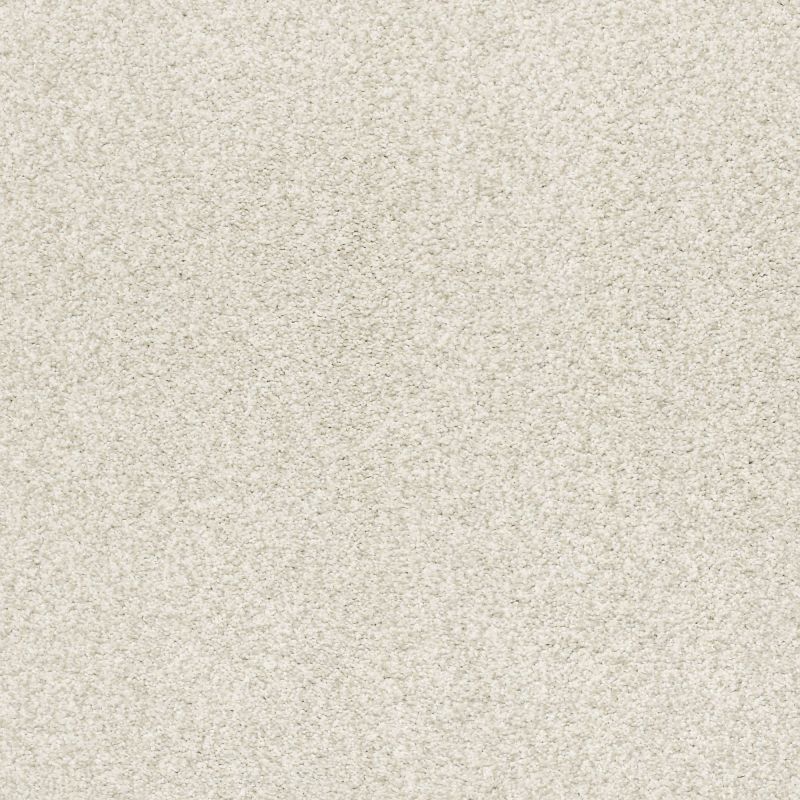 Shaw Floors Foundations Take The Floor Tonal Blue Orion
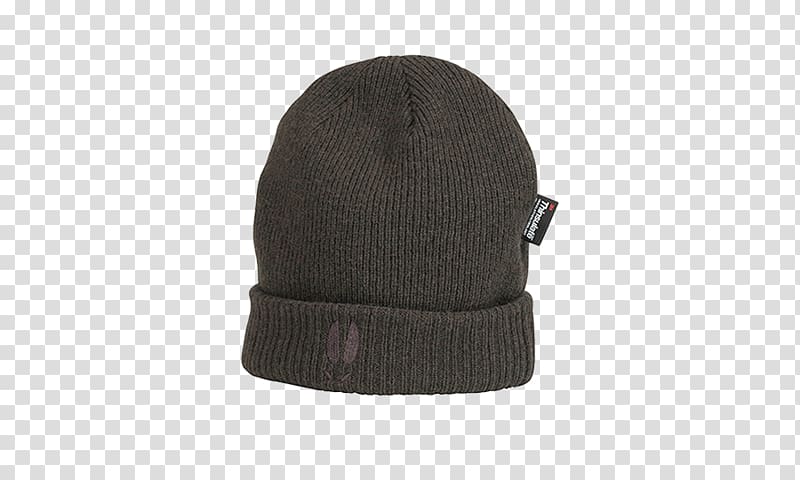 Beanie Knit cap Woolen Yavapai College, beanie transparent background PNG clipart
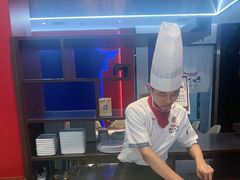 -湘汇概念铁板烧(铁西万达店)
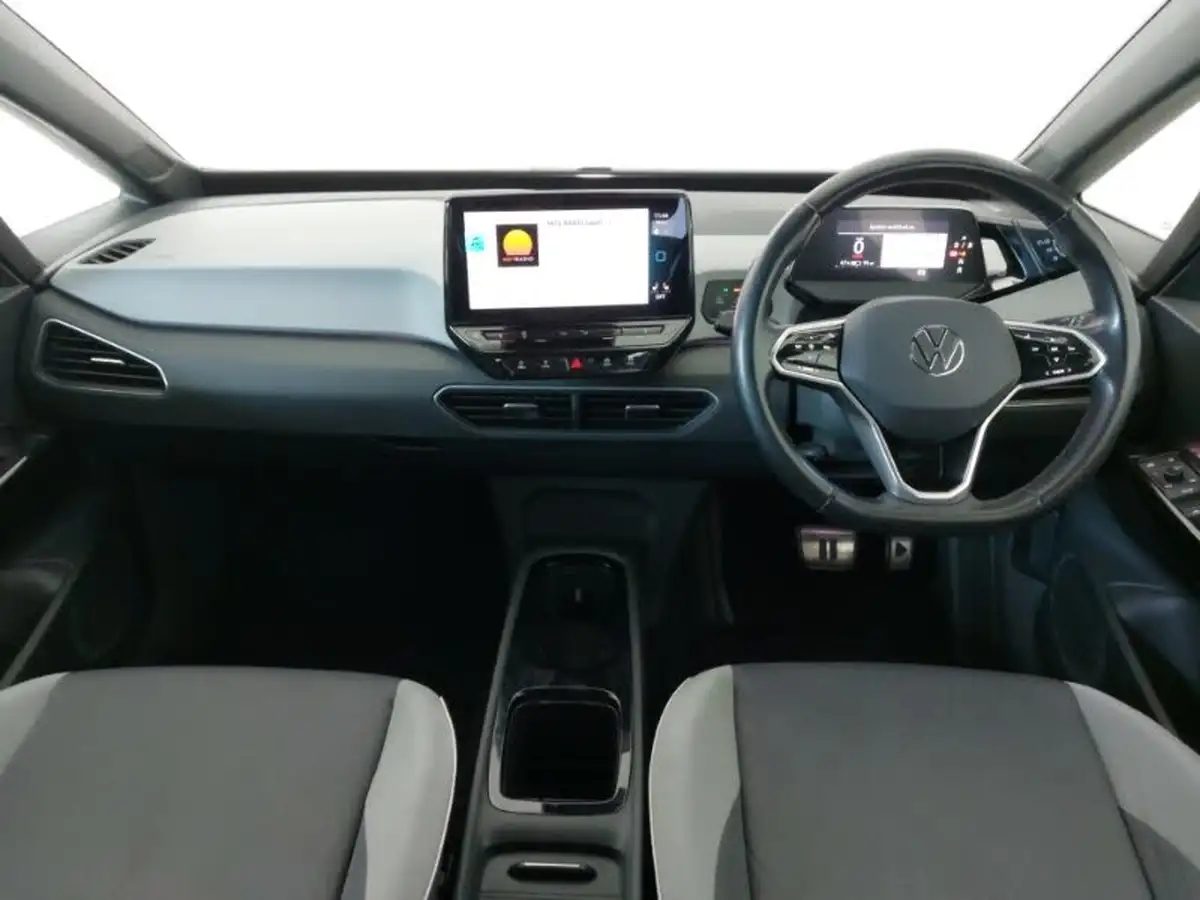 2022-volkswagen-id3-e-family-204ps-performance-big-2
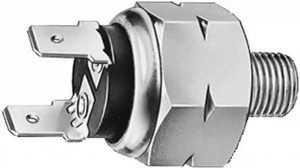 Włącznik świateł stop VW TRANSPORTER T3 HELLA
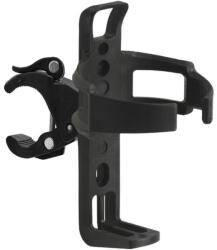 Trizand Kulacstartó kerékpárra (21205) - holnapszallitjuk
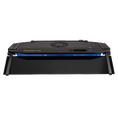 Load image into Gallery viewer, Kessil AP9X Light Shade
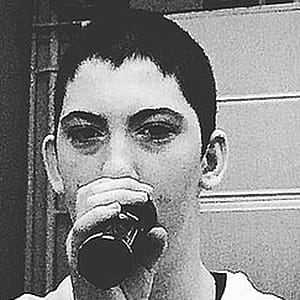 Profile photo of deniz koral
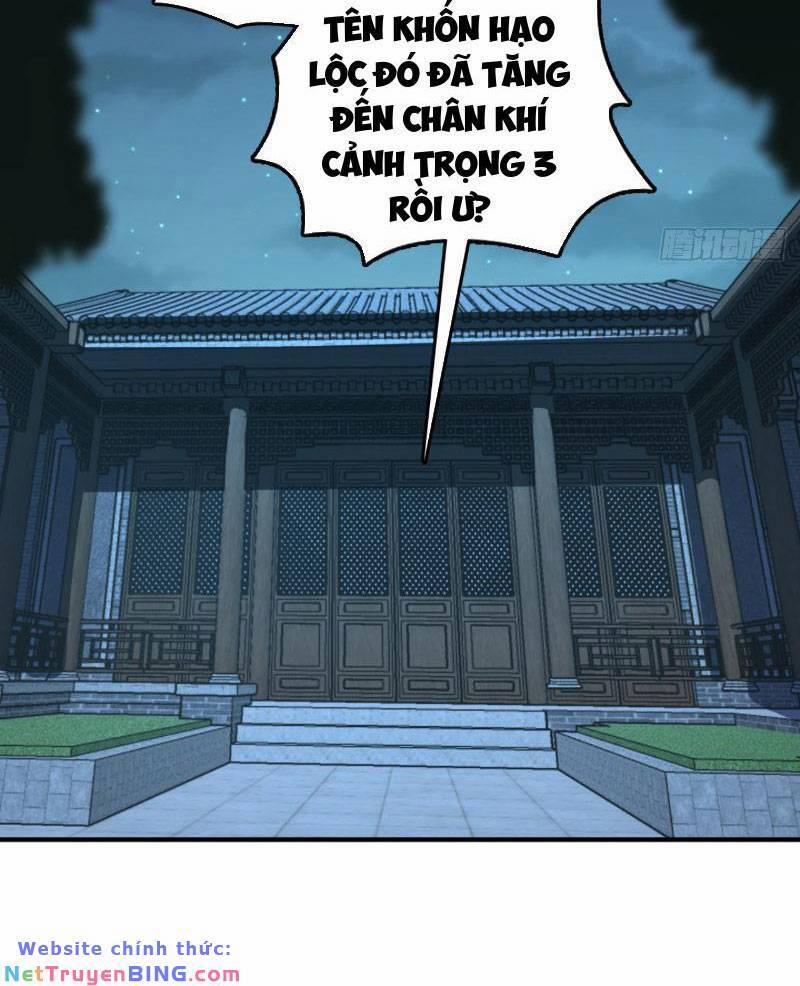 Ta , Thần Long Chi Hậu 26 trang 1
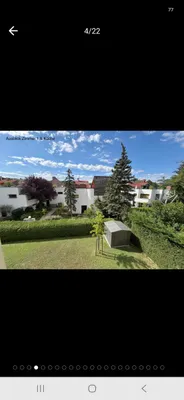 3-Zimmer-Wohnung mieten in Wien – 68 m², € 550 – Bild 8 von 13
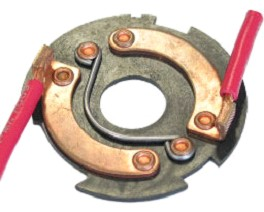 供應(yīng)超聲波有色金屬點動焊接機(jī)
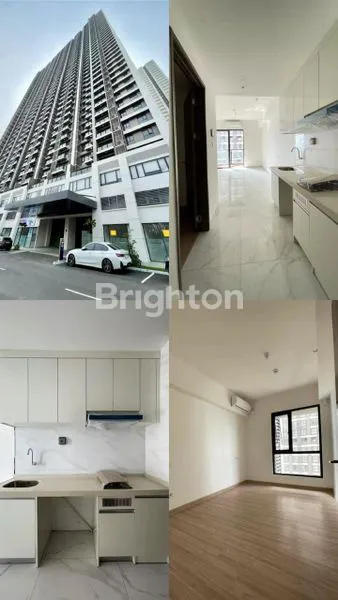 image APARTEMEN SKY HOUSE DI ALAM SUTRA (1)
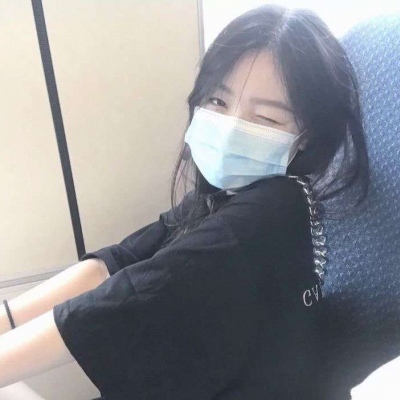 2025抖音美女头像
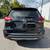 2019 Nissan Rogue SV “La Económica” 1 Owner Clean Title $7,900 5 thumbnail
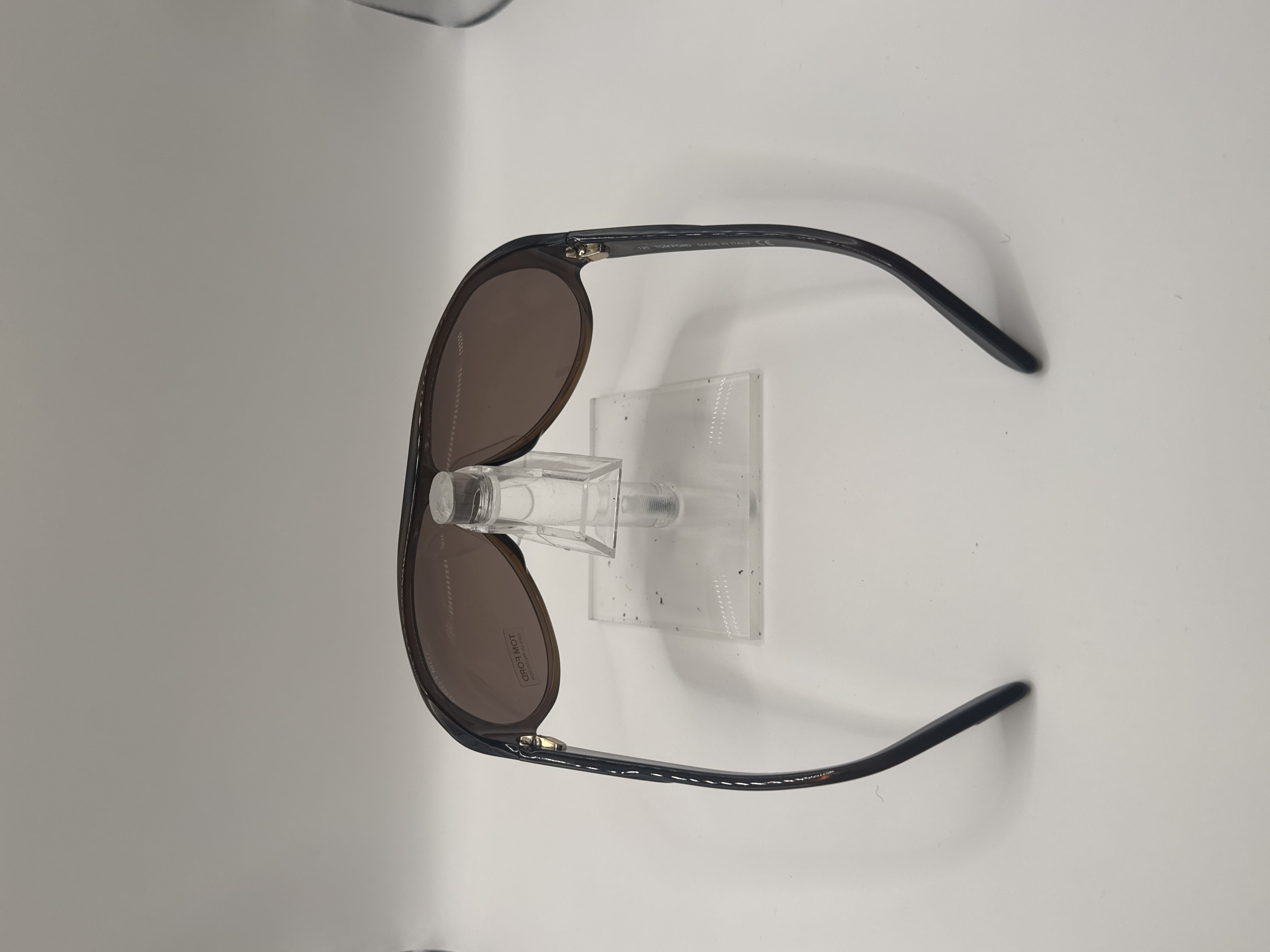 CLEARANCE TOM FORD LAURENT TF87 820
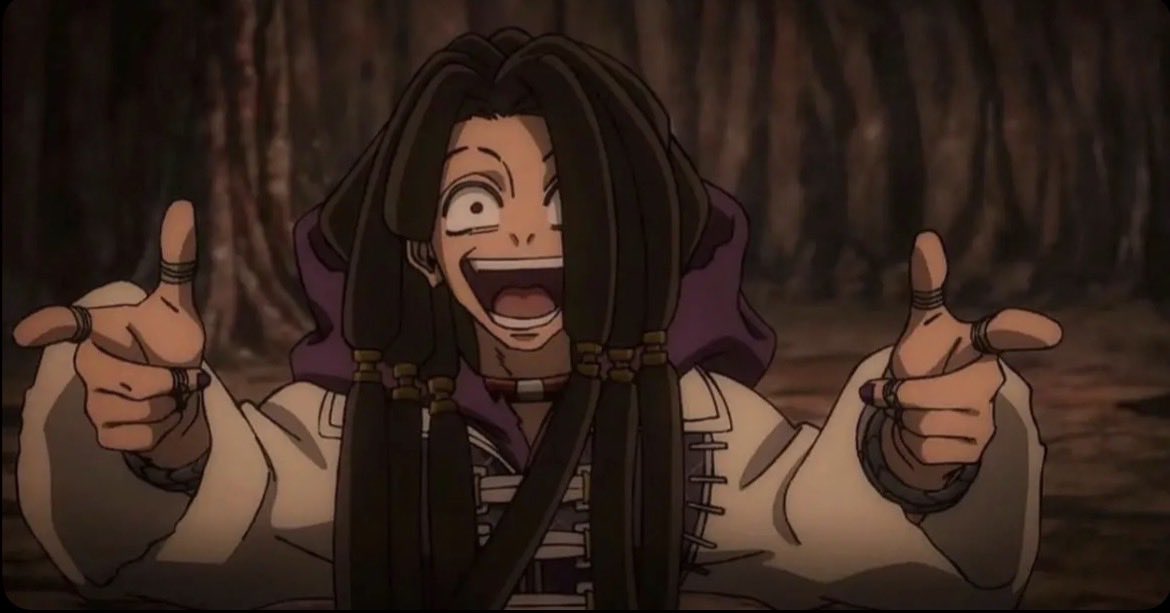 in_the_trenches_404 tweet media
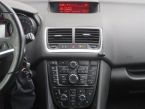 Opel Meriva - fotka číslo 10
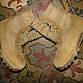 US Army MC DANNER 51517 RIVOT TFX 1200g U.S. goretex gore-tex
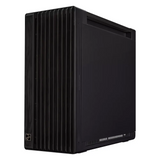 ASUS-ProArt-PA602-Wood-Edition-E-ATX-Workstation-Case-90DC00J0-B09010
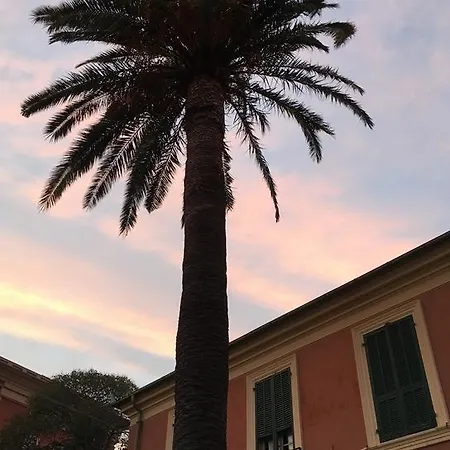 Costa Lupara - Murchio 阿拉西奥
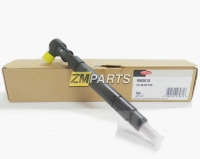 Форсунка СаньЕнг Актион Нью, Рекстон 3 6710170121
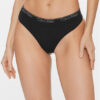 Бикини тип прашка Calvin Klein Underwear за Жени цена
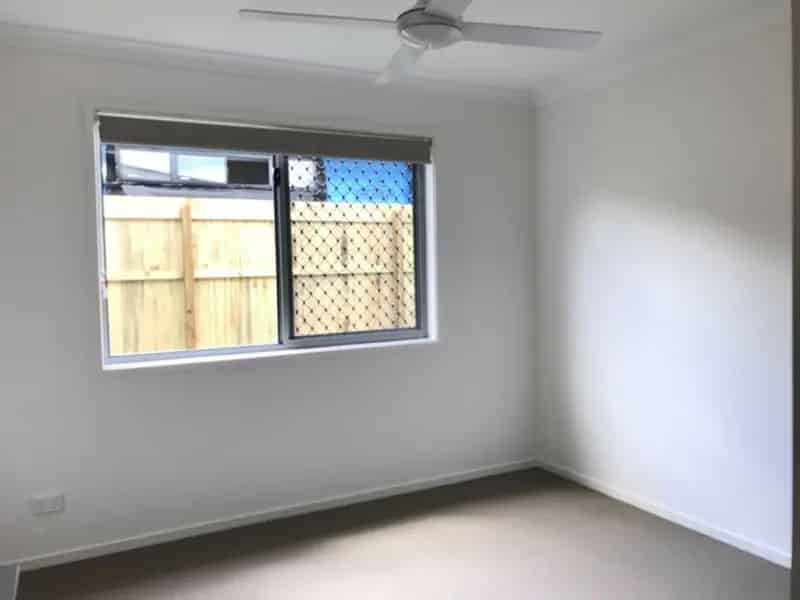 House For Rent , 20, Sedgemoor Street, City of Brisbane, Queensland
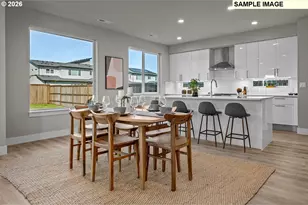 7036 SW Aspen Ln, Wilsonville, OR 97070 - Photo 11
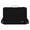Black, variant on YIEMEEN Laptop Shoulder Bag Briefcase 12 14 16inch Waterproof Laptop Sleeve Bags Durable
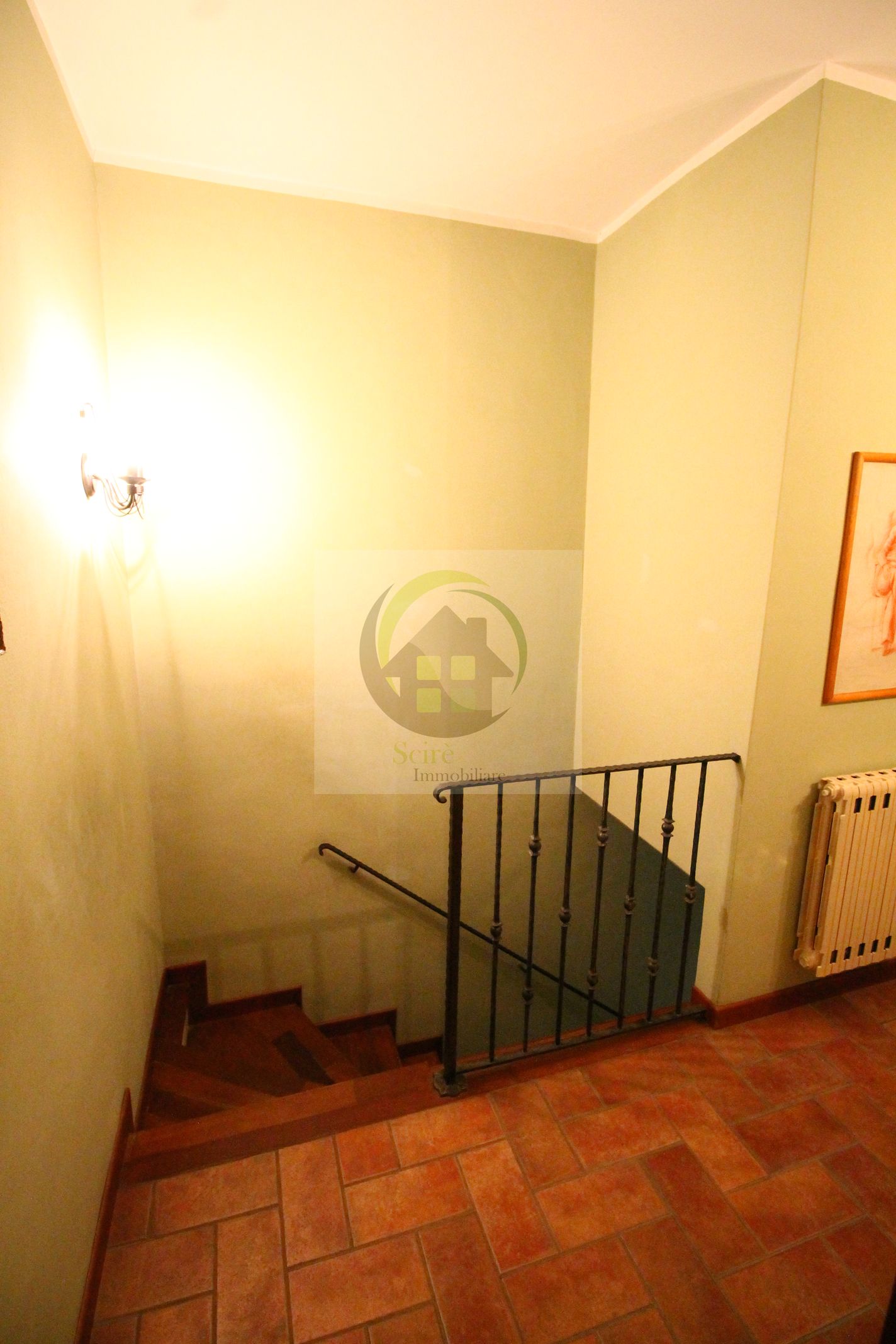 6 Largo della Torre, 4 Stanze da Letto Stanze da Letto, 0 ,3 BathroomsBathrooms,Apartment,Vendita,Largo della Torre,0,1271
----
- WHAT TO DO -
This task asks for the data above repeated exactly, without a single picture.

- TASK RESPONSE -
 Shaw Floors Foundations Take The Floor Tonal Blue Orion
 Beanie Knit cap Woolen Yavapai College, beanie transparent background PNG clipart
 -湘汇概念铁板烧(铁西万达店)
 2022-volkswagen-id3-e-family-204ps-performance-big-2
 Włącznik świateł stop VW TRANSPORTER T3 HELLA
 Trizand Kulacstartó kerékpárra (21205) - holnapszallitjuk
 Load image into Gallery viewer, Kessil AP9X Light Shade
 Profile photo of deniz koral
 Ta , Thần Long Chi Hậu 26 trang 1
 3-Zimmer-Wohnung mieten in Wien – 68 m², € 550 – Bild 8 von 13
 供應(yīng)超聲波有色金屬點動焊接機(jī)
 image APARTEMEN SKY HOUSE DI ALAM SUTRA (1)
 2025抖音美女头像
 2019 Nissan Rogue SV “La Económica” 1 Owner Clean Title $7,900 5 thumbnail
 CLEARANCE TOM FORD LAURENT TF87 820
 in_the_trenches_404 tweet media
 Opel Meriva - fotka číslo 10
 US Army MC DANNER 51517 RIVOT TFX 1200g U.S. goretex gore-tex
 ASUS-ProArt-PA602-Wood-Edition-E-ATX-Workstation-Case-90DC00J0-B09010
 Costa Lupara - Murchio 阿拉西奥
 Форсунка СаньЕнг Актион Нью, Рекстон 3 6710170121
 Бикини тип прашка Calvin Klein Underwear за Жени цена
 House For Rent , 20, Sedgemoor Street, City of Brisbane, Queensland
 7036 SW Aspen Ln, Wilsonville, OR 97070 - Photo 11
Black, variant on YIEMEEN Laptop Shoulder Bag Briefcase 12 14 16inch Waterproof Laptop Sleeve Bags Durable
 6 Largo della Torre, 4 Stanze da Letto Stanze da Letto, 0 ,3 BathroomsBathrooms,Apartment,Vendita,Largo della Torre,0,1271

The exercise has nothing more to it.